## [WHAT YOU SHOULD DO]
The answer is to contain only the line containing "世界十大警犬品种排名，德国牧羊犬居榜首248 / 作者:UFO爱好者" and the lines after it through the last one, each reproduced exactly as it appears below.

## [DATA FOR THE TASK]

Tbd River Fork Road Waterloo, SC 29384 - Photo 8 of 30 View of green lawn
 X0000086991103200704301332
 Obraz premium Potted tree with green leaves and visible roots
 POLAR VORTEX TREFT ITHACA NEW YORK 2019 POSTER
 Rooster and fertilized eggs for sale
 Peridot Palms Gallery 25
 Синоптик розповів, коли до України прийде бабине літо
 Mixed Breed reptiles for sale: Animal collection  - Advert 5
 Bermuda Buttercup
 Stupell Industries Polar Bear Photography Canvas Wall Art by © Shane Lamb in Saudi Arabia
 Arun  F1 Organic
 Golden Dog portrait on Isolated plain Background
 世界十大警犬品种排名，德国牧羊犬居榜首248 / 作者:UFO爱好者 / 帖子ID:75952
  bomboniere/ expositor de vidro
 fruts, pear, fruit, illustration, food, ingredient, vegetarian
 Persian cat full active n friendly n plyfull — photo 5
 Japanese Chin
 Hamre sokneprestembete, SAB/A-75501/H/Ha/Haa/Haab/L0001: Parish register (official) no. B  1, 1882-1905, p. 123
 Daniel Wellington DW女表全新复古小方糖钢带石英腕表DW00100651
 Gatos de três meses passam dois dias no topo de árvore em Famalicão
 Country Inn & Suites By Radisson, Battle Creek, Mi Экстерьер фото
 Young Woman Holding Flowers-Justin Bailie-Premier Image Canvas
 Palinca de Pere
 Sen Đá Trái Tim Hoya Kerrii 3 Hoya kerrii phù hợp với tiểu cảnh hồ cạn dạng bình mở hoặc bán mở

## [WRITTEN SOLUTION]
 世界十大警犬品种排名，德国牧羊犬居榜首248 / 作者:UFO爱好者 / 帖子ID:75952
  bomboniere/ expositor de vidro
 fruts, pear, fruit, illustration, food, ingredient, vegetarian
 Persian cat full active n friendly n plyfull — photo 5
 Japanese Chin
 Hamre sokneprestembete, SAB/A-75501/H/Ha/Haa/Haab/L0001: Parish register (official) no. B  1, 1882-1905, p. 123
 Daniel Wellington DW女表全新复古小方糖钢带石英腕表DW00100651
 Gatos de três meses passam dois dias no topo de árvore em Famalicão
 Country Inn & Suites By Radisson, Battle Creek, Mi Экстерьер фото
 Young Woman Holding Flowers-Justin Bailie-Premier Image Canvas
 Palinca de Pere
 Sen Đá Trái Tim Hoya Kerrii 3 Hoya kerrii phù hợp với tiểu cảnh hồ cạn dạng bình mở hoặc bán mở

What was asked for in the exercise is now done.